Croatian is the name used for the language spoken by Croatians, throughout Croatia, Bosnia and Herzegovina, and various Serbian provinces. There are two forms of Croatian: Standard Croatian and literary Croatian. Both of these forms stem from the dialect Shtokavian. This is also the basis for the languages Serbian, Montenegrin and Bosnian.
The Croatian language first began to form as it is in the present day around two hundred years ago. Chakavian texts were discovered from the 13th century, while Shtoktavian texts (which Croatian originates from) can be dated from around a century after this. The language of Croatian began to be standardized in the period called Baroque Slavism, the first part of the 17th century, but was not unified until the mid 18th century. This is when Croatian, in its Neo-Shtoktavian standard as we know it today, was formed.
The Croatian language is spoken throughout Croatia and the surrounding countries. It is one of Croatian’s official languages as well as being an official language for Bosnia and Herzegovina. The Croatian language is also a recognized minority language in Austria (specifically Burgenland), Italy (specifically Molise), Romania (specifically Carasova) and Serbia (specifically Vojvodina). 5.5 million people throughout the world speak Croatian. It is one of the more popular Serbo-Croatian languages.
There are four dialects in Croatia: Chakavian, Kajkavian, Shtokavian and Torlakian. However, the two main dialects are Chakavian and Kajkavian. These are all generally referred to under the more blanket term of Serbo-Croatian. However, there is a little contention around this issue, and certain native speakers do not appreciate or use the term “Serbo-Croatian”, even though the alternatives such as “Bosnian-Croatian-Montenegrin-Serbian” can be a little bit of a mouthful.
The Croatian language has a varied system of inflections, with pronouns, nouns, adjectives and certain numbers all being subject to a change in meaning based on the inflection of the speaker. The word for this linguistic device is declension, which essentially means that various aspects such as number, case or gender can be indicated as part of the word depending on the inflection.

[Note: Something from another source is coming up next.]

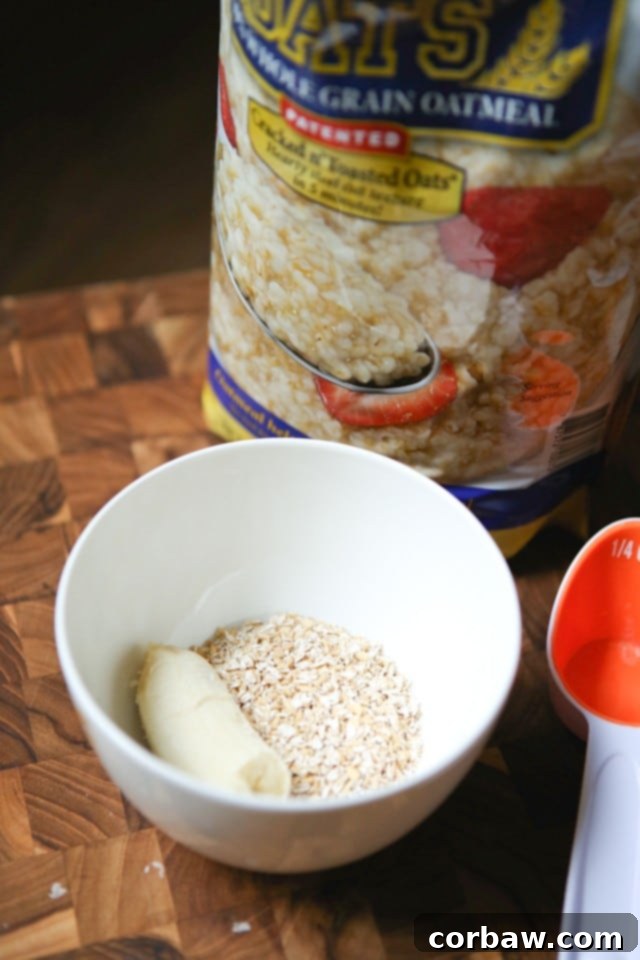 A close-up of creamy oatmeal with vibrant blueberries and sliced banana, a perfect kid-friendly and healthy breakfast option
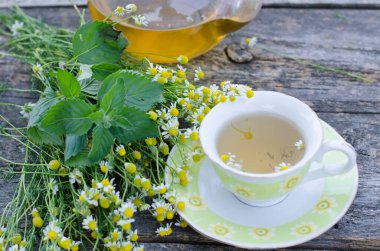 çay, papatya çayı, yabani çiçekler, otlar ve çay fincanı ahşap arka planda, bitkisel tıp konsepti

Following a typical sentence structure of Subject Verb Object, the Croatian language is not so strict with sentence structure, and certain words may be exchanged with each other and still keep the same meaning of the sentence. Nouns have three grammatical genders: masculine, feminine and neutral, which also correspond to the word endings. For example, -a denotes feminine, and -o/-e are neutral, with the rest of the noun groups being primarily masculine. There are seven cases of noun within the Creation language, and these are nominative, accusative, vocative, locative, instrumental, genitive, and dative.
The verbs of the Croatian language are divided into one of two classes, depending on their perfective or imperfective aspect. There are also seven tenses, although only four of these are used in contemporary modern Croatian, with the other three used primarily in the written version of the language.
Why Learn The Croatian Language?
Croatian is unique compared to many of the other Serbo-Croatian languages in that it does not use the Cyrillic script, but instead uses only a Roman alphabet. This could make Croatian one of the easier languages to pick up if you are looking to learn a Serbo-Croatian language as a Western person, or someone whose alphabet is similar to this.
The Croatian language has been historically used for religious purposes. The beginnings of the language stem back for hundreds of years, and many tablets and Christian texts used Latin and Cyrillic to transcribe their religious history. If you have an interest in this particular era of history, or are a particularly religious person, then the Croatian language would be fascinating to learn to gain some true insight into this historical era.